- **Description of the task**
Given the records below, would you repeat exactly the lines that begin at the one containing "Breitling Stainless Steel" and end at the one containing "Blauwgroen mermaid Sparkle", inclusive?

- **Source information**
- Opening Delimiter -

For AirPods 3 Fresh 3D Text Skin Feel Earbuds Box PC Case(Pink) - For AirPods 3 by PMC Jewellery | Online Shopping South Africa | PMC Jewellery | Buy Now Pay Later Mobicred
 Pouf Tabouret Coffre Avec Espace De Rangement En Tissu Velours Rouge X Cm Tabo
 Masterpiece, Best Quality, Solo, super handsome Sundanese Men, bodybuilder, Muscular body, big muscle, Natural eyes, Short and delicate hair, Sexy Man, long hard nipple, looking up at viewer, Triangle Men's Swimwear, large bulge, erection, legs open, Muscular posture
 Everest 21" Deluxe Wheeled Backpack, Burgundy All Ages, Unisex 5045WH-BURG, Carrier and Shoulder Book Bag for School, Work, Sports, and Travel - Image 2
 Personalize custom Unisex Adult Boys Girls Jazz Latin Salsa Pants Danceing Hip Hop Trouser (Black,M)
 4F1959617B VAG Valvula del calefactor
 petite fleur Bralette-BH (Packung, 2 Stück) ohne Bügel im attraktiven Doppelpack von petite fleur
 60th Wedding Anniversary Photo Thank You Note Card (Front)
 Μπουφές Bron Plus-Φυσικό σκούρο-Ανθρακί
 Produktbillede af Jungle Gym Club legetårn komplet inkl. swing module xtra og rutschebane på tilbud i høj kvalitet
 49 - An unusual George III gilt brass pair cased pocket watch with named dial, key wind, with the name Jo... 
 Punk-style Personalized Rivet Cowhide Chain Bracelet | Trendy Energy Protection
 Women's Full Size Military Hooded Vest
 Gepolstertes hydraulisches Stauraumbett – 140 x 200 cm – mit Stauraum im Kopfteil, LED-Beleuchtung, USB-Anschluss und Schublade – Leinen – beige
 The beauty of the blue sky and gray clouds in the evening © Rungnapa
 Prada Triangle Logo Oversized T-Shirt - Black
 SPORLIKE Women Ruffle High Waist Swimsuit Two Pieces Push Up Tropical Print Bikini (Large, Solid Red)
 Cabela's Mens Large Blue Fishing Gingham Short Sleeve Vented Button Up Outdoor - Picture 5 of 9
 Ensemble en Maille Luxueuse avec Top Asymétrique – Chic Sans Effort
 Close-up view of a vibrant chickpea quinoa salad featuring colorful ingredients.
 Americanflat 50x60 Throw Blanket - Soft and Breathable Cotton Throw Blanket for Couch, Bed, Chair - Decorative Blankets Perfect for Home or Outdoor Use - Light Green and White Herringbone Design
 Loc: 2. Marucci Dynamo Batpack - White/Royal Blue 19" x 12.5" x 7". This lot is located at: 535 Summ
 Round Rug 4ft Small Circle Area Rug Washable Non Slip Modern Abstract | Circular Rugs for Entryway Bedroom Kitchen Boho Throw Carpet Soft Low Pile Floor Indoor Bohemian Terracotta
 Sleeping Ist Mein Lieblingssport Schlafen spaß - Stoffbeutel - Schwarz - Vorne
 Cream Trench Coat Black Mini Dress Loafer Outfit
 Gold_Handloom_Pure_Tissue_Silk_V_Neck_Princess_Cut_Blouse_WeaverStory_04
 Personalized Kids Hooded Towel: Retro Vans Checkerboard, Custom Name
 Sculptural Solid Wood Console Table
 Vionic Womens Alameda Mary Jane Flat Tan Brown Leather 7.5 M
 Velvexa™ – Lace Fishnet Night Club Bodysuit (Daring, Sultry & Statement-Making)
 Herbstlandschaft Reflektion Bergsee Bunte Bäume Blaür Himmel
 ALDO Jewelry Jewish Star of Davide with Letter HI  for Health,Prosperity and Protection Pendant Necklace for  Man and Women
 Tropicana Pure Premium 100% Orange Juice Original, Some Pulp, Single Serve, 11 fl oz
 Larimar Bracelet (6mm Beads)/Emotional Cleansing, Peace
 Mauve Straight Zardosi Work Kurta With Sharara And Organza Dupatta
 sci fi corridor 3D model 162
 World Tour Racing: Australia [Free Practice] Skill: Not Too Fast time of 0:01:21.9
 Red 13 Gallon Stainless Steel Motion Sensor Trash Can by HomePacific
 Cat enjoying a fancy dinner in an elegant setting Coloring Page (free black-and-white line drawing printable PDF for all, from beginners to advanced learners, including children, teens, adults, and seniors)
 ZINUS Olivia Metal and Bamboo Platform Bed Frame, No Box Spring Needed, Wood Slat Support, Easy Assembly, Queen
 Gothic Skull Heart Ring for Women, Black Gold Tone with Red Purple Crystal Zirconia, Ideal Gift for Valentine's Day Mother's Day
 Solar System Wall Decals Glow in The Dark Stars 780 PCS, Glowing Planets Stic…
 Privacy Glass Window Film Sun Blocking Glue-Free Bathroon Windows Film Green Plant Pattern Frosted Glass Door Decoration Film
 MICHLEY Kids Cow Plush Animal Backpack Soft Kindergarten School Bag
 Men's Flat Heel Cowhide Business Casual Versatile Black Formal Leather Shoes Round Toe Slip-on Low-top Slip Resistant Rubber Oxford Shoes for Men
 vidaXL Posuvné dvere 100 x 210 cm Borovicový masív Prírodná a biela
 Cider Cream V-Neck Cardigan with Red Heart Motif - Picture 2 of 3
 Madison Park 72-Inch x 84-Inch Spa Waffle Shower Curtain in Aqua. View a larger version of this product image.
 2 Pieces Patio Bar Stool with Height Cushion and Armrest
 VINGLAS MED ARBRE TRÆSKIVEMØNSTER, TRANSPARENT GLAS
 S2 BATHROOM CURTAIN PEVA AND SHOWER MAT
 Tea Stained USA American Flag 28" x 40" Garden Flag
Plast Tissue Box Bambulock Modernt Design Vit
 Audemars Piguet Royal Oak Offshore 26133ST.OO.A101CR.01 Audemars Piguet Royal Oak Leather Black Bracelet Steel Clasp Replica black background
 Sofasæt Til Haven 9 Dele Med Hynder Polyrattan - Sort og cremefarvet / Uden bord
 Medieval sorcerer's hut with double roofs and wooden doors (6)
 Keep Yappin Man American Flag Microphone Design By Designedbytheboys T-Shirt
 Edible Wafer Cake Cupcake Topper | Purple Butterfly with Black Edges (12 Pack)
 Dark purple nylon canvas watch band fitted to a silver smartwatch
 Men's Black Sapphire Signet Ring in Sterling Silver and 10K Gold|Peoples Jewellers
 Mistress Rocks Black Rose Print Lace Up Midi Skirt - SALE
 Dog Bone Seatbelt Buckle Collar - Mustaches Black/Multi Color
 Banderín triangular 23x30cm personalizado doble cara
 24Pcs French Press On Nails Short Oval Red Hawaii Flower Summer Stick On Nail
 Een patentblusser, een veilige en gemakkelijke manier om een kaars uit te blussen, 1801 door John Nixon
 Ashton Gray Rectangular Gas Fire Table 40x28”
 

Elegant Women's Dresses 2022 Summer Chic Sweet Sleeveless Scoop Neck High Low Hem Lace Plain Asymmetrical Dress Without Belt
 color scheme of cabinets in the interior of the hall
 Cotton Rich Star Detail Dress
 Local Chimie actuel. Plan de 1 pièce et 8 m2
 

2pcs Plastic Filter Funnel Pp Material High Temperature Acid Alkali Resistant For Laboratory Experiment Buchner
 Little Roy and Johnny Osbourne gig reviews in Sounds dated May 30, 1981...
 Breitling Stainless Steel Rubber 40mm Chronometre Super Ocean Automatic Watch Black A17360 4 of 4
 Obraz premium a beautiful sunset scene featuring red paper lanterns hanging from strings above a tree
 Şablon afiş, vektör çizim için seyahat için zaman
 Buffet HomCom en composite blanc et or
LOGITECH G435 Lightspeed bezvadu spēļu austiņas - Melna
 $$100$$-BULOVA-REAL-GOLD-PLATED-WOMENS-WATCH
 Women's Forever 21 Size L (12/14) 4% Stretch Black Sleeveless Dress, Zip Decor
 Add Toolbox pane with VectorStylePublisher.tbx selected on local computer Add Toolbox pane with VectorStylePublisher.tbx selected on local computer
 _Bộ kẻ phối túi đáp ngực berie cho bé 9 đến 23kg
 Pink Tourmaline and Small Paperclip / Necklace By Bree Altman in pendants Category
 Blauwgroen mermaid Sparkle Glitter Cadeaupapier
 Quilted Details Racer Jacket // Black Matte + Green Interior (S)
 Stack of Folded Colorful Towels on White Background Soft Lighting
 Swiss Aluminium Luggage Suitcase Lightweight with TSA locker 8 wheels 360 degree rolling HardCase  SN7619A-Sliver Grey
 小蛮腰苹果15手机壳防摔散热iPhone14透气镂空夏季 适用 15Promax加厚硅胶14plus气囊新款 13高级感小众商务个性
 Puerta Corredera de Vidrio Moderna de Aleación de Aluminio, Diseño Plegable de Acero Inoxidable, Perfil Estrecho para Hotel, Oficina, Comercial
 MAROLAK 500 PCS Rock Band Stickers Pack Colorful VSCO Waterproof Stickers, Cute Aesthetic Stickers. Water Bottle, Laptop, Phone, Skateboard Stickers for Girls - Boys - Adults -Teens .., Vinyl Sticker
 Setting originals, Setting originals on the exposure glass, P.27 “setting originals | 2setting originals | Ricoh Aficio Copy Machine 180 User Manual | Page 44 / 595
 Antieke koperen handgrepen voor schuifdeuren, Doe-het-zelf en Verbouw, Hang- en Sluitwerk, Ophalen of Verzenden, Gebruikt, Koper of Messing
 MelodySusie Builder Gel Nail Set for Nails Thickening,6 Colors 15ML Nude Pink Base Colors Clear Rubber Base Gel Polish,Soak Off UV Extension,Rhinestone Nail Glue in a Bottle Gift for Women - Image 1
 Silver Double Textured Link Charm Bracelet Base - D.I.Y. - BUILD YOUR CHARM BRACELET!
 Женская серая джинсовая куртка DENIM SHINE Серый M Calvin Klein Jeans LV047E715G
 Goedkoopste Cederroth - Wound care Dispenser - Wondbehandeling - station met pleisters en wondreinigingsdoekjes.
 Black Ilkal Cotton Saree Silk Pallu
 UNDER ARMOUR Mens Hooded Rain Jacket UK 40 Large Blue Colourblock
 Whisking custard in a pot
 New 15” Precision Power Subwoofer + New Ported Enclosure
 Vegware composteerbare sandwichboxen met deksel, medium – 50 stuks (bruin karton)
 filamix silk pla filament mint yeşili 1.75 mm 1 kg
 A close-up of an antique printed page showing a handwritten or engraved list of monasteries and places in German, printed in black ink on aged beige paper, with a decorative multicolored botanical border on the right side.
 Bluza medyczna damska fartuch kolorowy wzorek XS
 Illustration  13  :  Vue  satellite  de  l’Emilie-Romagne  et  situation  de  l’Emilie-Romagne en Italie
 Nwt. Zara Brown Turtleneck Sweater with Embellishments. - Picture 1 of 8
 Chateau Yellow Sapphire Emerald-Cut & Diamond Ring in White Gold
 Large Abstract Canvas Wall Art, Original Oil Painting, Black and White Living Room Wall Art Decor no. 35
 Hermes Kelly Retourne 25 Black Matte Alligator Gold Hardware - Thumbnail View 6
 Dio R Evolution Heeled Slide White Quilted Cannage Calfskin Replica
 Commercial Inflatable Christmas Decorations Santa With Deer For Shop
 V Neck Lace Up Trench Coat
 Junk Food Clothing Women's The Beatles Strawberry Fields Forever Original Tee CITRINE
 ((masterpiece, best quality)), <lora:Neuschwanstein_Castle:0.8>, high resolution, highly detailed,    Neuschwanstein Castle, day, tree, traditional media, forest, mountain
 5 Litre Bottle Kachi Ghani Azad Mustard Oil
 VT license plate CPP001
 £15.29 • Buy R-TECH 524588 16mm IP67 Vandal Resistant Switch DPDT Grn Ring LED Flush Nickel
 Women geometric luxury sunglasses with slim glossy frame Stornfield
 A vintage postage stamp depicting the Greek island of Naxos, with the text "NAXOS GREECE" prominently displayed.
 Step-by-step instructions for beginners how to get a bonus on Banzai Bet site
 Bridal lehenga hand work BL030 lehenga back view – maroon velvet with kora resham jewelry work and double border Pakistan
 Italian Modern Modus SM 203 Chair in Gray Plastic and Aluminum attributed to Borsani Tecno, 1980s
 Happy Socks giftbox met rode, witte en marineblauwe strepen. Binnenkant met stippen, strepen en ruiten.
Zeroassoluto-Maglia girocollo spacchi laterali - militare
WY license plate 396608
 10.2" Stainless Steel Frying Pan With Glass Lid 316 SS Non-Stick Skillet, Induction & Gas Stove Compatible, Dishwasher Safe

- Closing Delimiter -

- **Completed exercise**
 Breitling Stainless Steel Rubber 40mm Chronometre Super Ocean Automatic Watch Black A17360 4 of 4
 Obraz premium a beautiful sunset scene featuring red paper lanterns hanging from strings above a tree
 Şablon afiş, vektör çizim için seyahat için zaman
 Buffet HomCom en composite blanc et or
LOGITECH G435 Lightspeed bezvadu spēļu austiņas - Melna
 $$100$$-BULOVA-REAL-GOLD-PLATED-WOMENS-WATCH
 Women's Forever 21 Size L (12/14) 4% Stretch Black Sleeveless Dress, Zip Decor
 Add Toolbox pane with VectorStylePublisher.tbx selected on local computer Add Toolbox pane with VectorStylePublisher.tbx selected on local computer
 _Bộ kẻ phối túi đáp ngực berie cho bé 9 đến 23kg
 Pink Tourmaline and Small Paperclip / Necklace By Bree Altman in pendants Category
 Blauwgroen mermaid Sparkle Glitter Cadeaupapier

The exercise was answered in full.